Mostly, the watch industry has been complimentary, in its way, of the Apple Watch. They are right to compartmentalize it as fundamentally different from their products, and to appreciate it on its own level. Sample quote: “I do not believe it poses any threat to haute horology manufactures, I do think the Apple Watch will be a big problem for low-priced quartz watches, and even some entry-level mechanical watches.” (Monday Note has a good roundup.)

But here’s the thing: anyone who buys an Apple Watch is going to stop buying other watches, regardless of price point.

I keep thinking about my own use case. I’ve been a daily watch wearer since elementary school. I wear a watch with a great degree of pride, as the accessory I rely on. My watches are carefully chosen, and whether an inexpensive Swatch, an oversized Nixon or a finely crafted Breitling, they are a fixture in my life.

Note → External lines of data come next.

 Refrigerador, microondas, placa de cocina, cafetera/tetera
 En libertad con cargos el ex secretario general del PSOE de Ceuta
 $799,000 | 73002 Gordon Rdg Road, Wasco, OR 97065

Of course, I’m also a daily Apple user, and an early adopter of their products. I own the first-generation iPod, the first iPhone, the first iPad. I undoubtedly will buy the Watch, even though I’m not a rabid message-sender, even though I’m not a jogger, even though I’m not yet 100% certain where the new device journey will lead me. It’s a new Apple gadget and it’s a watch—I’m powerless to resist.

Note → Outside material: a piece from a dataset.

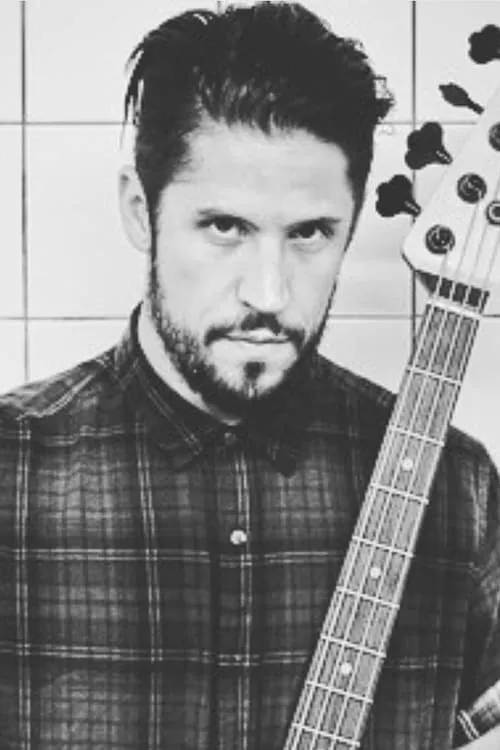 Jesse Draper ha trabajado con Tobin Esperance en 1 ocasiones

And once I have the Watch, I’m going to wear it regularly. I will tinker with it, find its ideal use cases, answer a thousand questions about it, be proud of it as I was my other first-gen Apple products and every one of my watches. As with the iPhone, I expect it to become part of my daily routine.

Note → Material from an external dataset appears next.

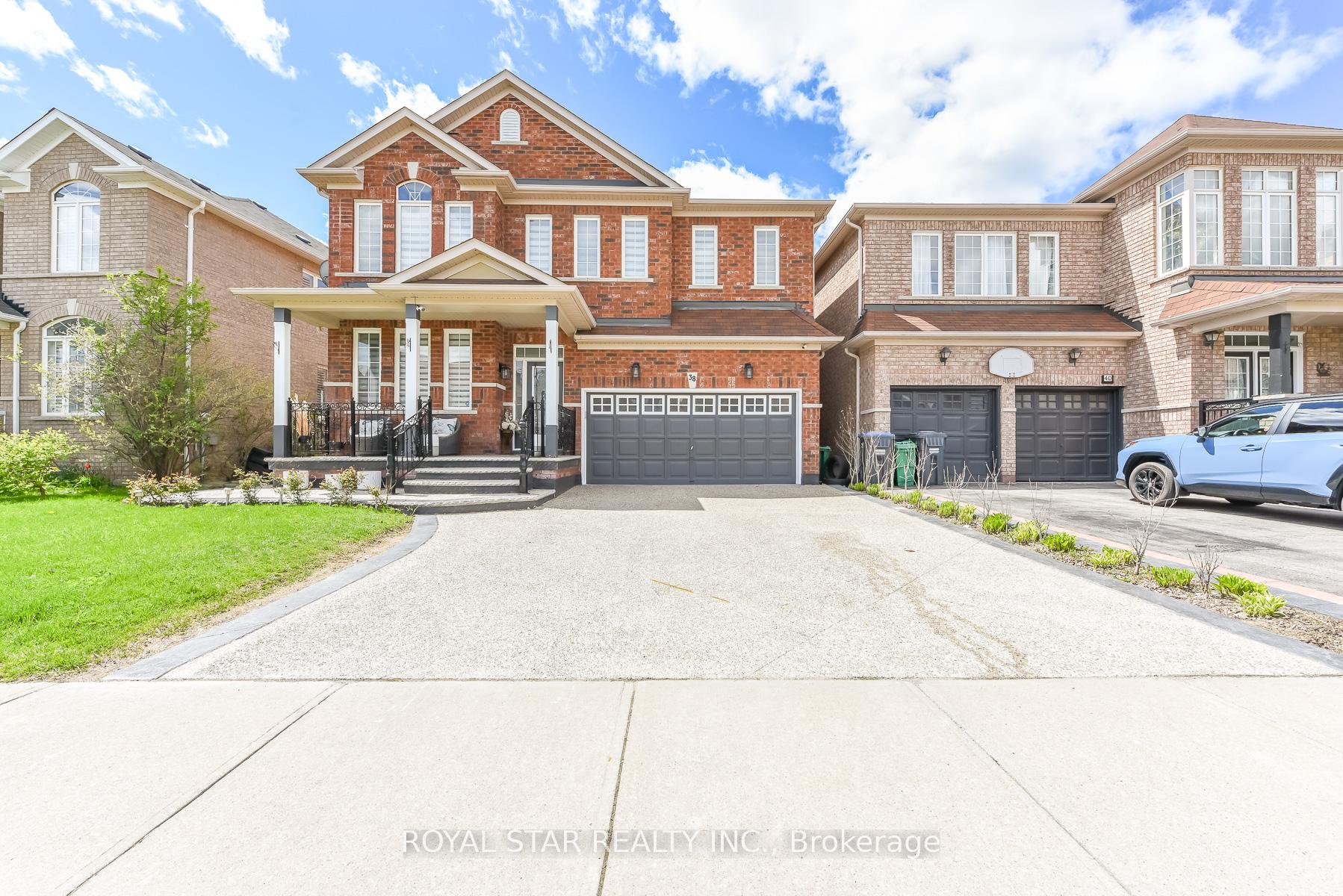 38 Robitaille Drive, Brampton, ON, exterior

And once I’m doing that, well, my other watches don’t stand a chance. Because as the Watch assimilates itself to my life’s rhythms (or, perhaps, vice versa), not wearing the Apple Watch will feel like something’s missing. The vibrations and alerts and shortcuts that aren’t offered by my quartz Zodiac will be glaring omissions. Before long, I’ll be strapping on the Watch every day, just as I put my iPhone in my pocket.

If the Watch works for me, my workaday watches will slowly get relegated to my nightstand drawer, and future watch purchases will shift from investing in the next object of beauty and personal expression to saving a few bucks for Watch 2. And Apple will then own a thirty-year habit of mine, just like they came to own my music and phone habits, too.

Frankly, I’m not even sure I’m happy about this. But I’m going for it. I expect millions of folks like me will, too, and when they do, the disruption to the watch industry will not be pretty.